The NED was a sop thrown to the neocons during the Reagan administration, so they could have a little domain of their own, a small but strategically placed contingent of "Socialists for Reagan" embedded deep in the bowels of the U.S. government. The first President of the group, Carl Gershman, was a longtime member of the Social Democrats, USA, formerly the Socialist Party, a group dominated by the legendary Max Shachtman. The founder of "third camp" neo-Trotskyism, Shachtman broke with Trotsky in the 1940s and evolved, over the years, into a firm supporter of U.S. military intervention worldwide, while retaining – like Sidney Hook– his dedication to the "democratic" socialist cause.

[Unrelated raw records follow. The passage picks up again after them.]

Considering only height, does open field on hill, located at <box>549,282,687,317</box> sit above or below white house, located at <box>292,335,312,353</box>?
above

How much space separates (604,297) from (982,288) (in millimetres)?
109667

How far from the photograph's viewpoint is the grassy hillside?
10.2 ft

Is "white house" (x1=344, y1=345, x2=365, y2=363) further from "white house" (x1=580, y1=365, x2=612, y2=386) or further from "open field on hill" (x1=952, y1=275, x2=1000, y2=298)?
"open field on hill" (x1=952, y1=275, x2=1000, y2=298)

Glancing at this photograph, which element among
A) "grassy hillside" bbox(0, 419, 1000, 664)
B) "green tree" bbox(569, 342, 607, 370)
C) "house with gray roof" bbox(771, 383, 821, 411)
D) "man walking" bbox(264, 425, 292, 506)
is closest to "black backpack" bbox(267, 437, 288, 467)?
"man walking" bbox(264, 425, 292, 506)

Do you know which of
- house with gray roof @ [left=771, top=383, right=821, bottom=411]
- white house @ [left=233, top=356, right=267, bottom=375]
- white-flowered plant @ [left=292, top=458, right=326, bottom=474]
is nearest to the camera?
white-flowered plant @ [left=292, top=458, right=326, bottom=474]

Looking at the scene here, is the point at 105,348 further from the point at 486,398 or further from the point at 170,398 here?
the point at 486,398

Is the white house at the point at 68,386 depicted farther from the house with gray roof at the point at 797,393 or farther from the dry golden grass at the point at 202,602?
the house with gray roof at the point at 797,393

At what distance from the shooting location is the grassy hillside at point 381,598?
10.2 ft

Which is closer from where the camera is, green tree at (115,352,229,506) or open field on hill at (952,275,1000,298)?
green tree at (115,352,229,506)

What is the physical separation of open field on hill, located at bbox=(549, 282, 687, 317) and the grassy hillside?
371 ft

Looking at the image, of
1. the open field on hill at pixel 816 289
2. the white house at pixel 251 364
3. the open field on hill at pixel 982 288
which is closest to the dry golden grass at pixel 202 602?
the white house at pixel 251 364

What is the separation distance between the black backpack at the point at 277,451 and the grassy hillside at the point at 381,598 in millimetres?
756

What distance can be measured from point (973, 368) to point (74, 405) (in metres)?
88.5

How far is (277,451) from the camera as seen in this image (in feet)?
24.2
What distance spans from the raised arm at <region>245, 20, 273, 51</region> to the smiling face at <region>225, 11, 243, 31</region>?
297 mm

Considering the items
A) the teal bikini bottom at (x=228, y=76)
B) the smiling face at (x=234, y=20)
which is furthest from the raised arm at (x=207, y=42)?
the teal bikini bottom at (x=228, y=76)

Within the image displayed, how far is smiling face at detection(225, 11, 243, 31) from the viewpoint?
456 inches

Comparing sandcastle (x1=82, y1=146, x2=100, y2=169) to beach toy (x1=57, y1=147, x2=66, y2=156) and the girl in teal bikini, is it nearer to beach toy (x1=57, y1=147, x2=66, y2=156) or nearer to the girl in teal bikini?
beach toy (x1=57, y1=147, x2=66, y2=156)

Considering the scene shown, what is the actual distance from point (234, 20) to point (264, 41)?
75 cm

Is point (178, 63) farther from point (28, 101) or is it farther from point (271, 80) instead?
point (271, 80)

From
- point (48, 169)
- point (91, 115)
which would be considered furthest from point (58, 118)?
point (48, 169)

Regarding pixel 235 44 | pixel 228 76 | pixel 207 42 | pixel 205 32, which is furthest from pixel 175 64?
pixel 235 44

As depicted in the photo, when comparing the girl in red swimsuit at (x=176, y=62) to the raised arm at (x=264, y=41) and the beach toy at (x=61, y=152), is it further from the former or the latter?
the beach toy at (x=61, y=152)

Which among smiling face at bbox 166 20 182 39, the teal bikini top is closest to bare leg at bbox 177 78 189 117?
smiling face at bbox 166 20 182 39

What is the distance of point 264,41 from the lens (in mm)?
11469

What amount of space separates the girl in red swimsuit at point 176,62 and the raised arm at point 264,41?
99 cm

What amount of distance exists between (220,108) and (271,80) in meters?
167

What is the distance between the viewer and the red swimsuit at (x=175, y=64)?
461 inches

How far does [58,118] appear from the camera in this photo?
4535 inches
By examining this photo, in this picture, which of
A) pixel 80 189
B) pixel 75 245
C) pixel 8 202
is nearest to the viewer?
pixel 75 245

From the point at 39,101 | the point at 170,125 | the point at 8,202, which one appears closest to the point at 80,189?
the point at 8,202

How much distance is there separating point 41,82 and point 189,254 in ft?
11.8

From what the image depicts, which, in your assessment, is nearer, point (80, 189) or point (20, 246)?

As top advisors to the Lane Kirkland wing of the AFL-CIO, Shachtman and his followers burrowed deep in the labor movement, and lobbied extensively for the establishment of a government-subsidized "quasi-private" foundation that would help them extend their labor connections internationally, The effort bloomed in the Carter years, when the two parties agreed to share in the spoils, and bore fruit at the start of the Reagan years. The legislation establishing the National Endowment for Democracy mandated that most of its funding, at least initially, would go to the Free Trade Union Institute (FTUI), an arm of the AFL-CIO's International Affairs Department.
Aside from the subsidy, however, the benefits to the Shachtmanites were also ideological: from their perch at the NED, they could egg on the administration to confront the Soviet Union and agitate for the prosecution of the cold war to the fullest – all at taxpayers' expense. When the Soviet Union imploded, however, so did the rationale for the NED – and it narrowly escaped the budget ax. But post-9/11, the NED – along with the neoconservative movement – was given a new lease on life. Certainly George W. Bush's conversion to Shachtmanism, as evidenced by his NED address, represents the apotheosis of neocon dominance in Washington.

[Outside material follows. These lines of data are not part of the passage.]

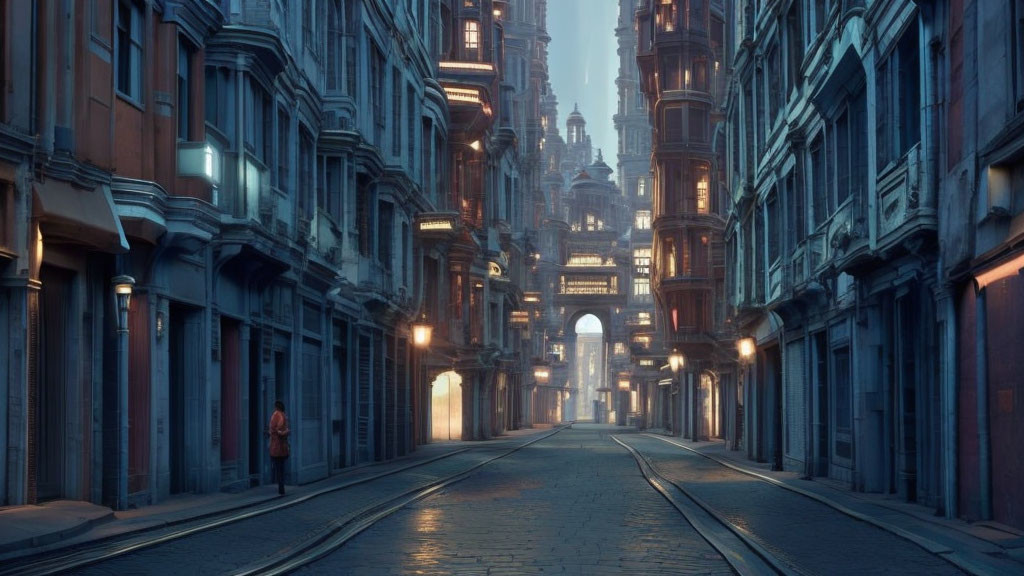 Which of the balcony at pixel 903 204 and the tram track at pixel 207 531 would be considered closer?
the tram track at pixel 207 531

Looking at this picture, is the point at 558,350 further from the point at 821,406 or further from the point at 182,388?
the point at 182,388

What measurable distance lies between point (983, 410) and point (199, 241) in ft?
38.2

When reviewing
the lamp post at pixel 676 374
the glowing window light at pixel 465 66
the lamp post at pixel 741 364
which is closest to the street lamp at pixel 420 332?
the lamp post at pixel 741 364

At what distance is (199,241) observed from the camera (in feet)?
69.1

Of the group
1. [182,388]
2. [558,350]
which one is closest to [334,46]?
[182,388]

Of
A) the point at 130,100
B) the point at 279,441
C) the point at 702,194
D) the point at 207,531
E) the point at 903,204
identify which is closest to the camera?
the point at 207,531

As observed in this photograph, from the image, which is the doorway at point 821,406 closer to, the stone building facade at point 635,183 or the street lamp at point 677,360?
the street lamp at point 677,360

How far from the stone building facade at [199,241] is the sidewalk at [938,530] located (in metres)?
10.2

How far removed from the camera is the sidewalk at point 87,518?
13.2 m

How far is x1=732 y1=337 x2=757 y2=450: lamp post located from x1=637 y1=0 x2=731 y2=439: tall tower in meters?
19.0

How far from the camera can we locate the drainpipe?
663 inches

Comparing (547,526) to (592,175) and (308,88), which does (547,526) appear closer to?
(308,88)

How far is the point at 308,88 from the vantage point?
3056cm

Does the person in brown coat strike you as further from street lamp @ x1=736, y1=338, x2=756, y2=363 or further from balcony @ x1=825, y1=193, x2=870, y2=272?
street lamp @ x1=736, y1=338, x2=756, y2=363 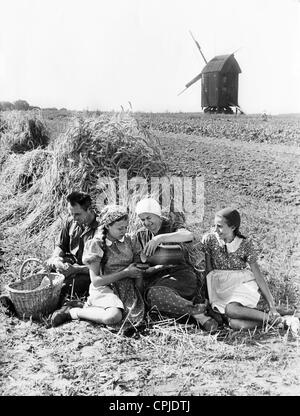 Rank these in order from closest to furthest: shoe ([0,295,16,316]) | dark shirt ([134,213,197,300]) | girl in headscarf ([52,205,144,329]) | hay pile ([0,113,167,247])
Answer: girl in headscarf ([52,205,144,329]) < dark shirt ([134,213,197,300]) < shoe ([0,295,16,316]) < hay pile ([0,113,167,247])

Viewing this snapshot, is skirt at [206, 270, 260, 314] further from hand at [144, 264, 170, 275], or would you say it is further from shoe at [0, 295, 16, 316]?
shoe at [0, 295, 16, 316]

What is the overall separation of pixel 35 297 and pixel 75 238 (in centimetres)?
68

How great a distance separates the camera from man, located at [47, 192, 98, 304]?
4.00 meters

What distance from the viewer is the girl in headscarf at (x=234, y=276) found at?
11.6 feet

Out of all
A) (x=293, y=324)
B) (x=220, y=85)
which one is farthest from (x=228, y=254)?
(x=220, y=85)

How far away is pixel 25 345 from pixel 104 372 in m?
0.74

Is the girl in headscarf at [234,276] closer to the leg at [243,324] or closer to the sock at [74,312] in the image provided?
the leg at [243,324]

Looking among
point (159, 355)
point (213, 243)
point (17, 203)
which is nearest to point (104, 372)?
point (159, 355)

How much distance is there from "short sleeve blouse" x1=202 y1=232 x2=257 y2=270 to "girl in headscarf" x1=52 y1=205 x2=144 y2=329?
1.93 feet

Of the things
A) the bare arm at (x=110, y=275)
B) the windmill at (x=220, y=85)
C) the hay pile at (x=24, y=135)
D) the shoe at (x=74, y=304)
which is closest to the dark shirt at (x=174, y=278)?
the bare arm at (x=110, y=275)

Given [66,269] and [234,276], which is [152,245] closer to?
[234,276]

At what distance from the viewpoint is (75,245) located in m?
4.25

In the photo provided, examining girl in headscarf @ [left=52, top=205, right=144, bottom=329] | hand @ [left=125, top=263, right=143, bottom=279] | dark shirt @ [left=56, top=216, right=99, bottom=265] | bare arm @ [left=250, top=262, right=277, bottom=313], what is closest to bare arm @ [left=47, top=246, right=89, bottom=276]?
dark shirt @ [left=56, top=216, right=99, bottom=265]

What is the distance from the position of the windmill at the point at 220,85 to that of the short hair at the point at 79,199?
28.0 m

The odd combination of Soviet-style phraseology with ostensibly conservative rhetoric made for a speech of unsurpassed weirdness. On the one hand, the President celebrated the victory of capitalism, hailing the triumph of "democracy,""free enterprise," and "markets," and yet somehow managed to do it the style of a socialist orator out of the 1930s.
The U.S., according to Bush, was no ordinary country, nor even one especially blessed, but an "inspiration for oppressed peoples," whose acolytes worldwide "knew of at least one place – a bright and hopeful land – where freedom was valued and secure"– kind of like the Soviet Union was to the Commies of yesteryear. Here, too, are references to the necessity for "sacrifice"– a favorite theme of the old Soviet rhetoricians – including this Orwellian formulation:
"By definition, the success of freedom rests upon the choices and the courage of free peoples, and upon their willingness to sacrifice."

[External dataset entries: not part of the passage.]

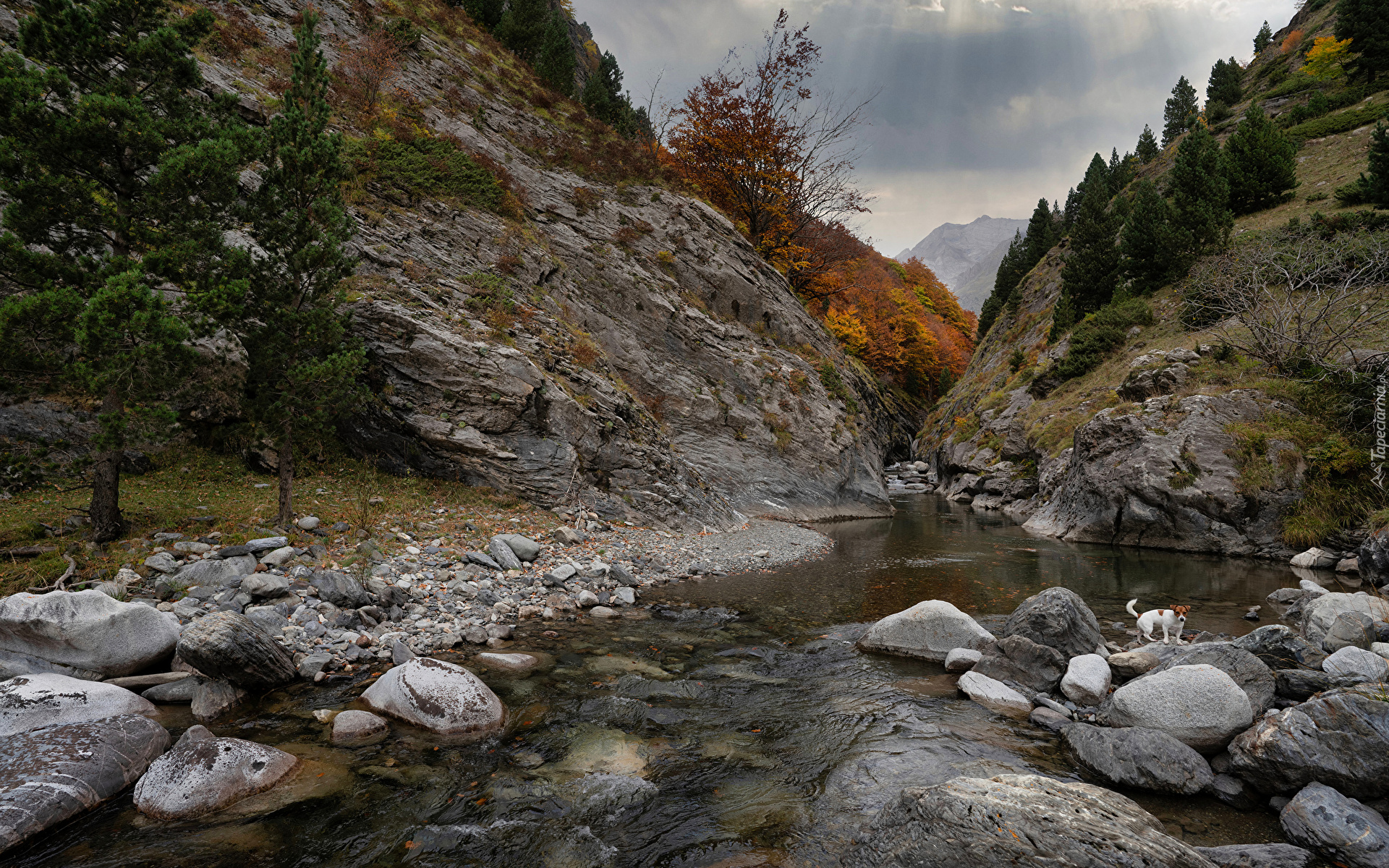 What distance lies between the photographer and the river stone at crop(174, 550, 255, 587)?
321 inches

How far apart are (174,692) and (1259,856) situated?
10254 mm

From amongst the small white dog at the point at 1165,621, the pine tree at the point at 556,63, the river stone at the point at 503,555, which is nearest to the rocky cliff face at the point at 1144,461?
the small white dog at the point at 1165,621

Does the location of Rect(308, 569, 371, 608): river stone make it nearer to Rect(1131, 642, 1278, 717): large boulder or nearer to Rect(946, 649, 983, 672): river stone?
Rect(946, 649, 983, 672): river stone

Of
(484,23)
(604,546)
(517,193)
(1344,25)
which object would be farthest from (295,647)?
(1344,25)

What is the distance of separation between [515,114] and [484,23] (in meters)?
12.2

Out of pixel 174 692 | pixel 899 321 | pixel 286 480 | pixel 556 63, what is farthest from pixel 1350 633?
pixel 899 321

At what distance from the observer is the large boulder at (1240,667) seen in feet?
19.7

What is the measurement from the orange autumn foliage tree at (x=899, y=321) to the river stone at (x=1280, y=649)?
36.5 m

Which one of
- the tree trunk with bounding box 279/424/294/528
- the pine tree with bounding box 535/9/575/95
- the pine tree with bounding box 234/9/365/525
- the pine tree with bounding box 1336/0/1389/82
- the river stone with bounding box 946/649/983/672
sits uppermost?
the pine tree with bounding box 1336/0/1389/82

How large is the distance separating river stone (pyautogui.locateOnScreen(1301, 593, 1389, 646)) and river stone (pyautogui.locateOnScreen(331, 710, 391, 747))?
1222 cm

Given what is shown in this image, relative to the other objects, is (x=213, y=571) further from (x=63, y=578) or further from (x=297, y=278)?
(x=297, y=278)

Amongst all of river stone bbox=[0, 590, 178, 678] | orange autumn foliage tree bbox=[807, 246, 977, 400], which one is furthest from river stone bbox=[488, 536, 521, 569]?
orange autumn foliage tree bbox=[807, 246, 977, 400]

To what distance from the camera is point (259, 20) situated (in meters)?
23.0

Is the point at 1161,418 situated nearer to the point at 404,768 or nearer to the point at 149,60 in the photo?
the point at 404,768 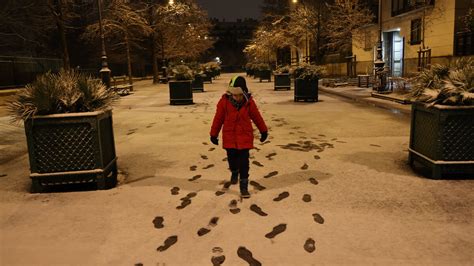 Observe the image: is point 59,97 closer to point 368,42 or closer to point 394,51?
point 394,51

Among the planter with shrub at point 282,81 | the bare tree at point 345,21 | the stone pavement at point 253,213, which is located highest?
the bare tree at point 345,21

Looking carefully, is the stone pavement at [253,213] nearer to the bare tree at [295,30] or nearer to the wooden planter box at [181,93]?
the wooden planter box at [181,93]

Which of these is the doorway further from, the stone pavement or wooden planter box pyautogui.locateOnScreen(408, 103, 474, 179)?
wooden planter box pyautogui.locateOnScreen(408, 103, 474, 179)

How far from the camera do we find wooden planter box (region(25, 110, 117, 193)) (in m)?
5.23

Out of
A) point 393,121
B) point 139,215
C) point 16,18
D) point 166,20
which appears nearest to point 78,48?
point 166,20

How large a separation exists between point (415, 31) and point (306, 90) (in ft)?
50.9

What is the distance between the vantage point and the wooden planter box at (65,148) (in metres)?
5.23

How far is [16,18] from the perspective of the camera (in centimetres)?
2391

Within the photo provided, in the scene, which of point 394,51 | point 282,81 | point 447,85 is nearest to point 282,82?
point 282,81

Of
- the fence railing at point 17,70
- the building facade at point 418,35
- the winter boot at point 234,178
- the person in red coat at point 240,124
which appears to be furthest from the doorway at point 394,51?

The speeches of the Soviet leaders, and their American imitators, were always filled with new "turns," announcing the most recent twist in the party line, and the Bush speech displays the same grandiose tic:
"We've reached another great turning point – and the resolve we show will shape the next stage of the world democratic movement."
America as the leader of a "world movement"– the idea is positively Leninist.
Full of revolutionary resolve, the U.S. must now focus on the Middle East "for decades to come," said Bush. For some strange reason, Mesopotamia does not yet share Montana's enthusiasm for democratic governance, and this is impermissible:
"Are the peoples of the Middle East somehow beyond the reach of liberty? Are millions of men and women and children condemned by history or culture to live in despotism? Are they alone never to know freedom, and never even to have a choice in the matter? I, for one, do not believe it. I believe every person has the ability and the right to be free."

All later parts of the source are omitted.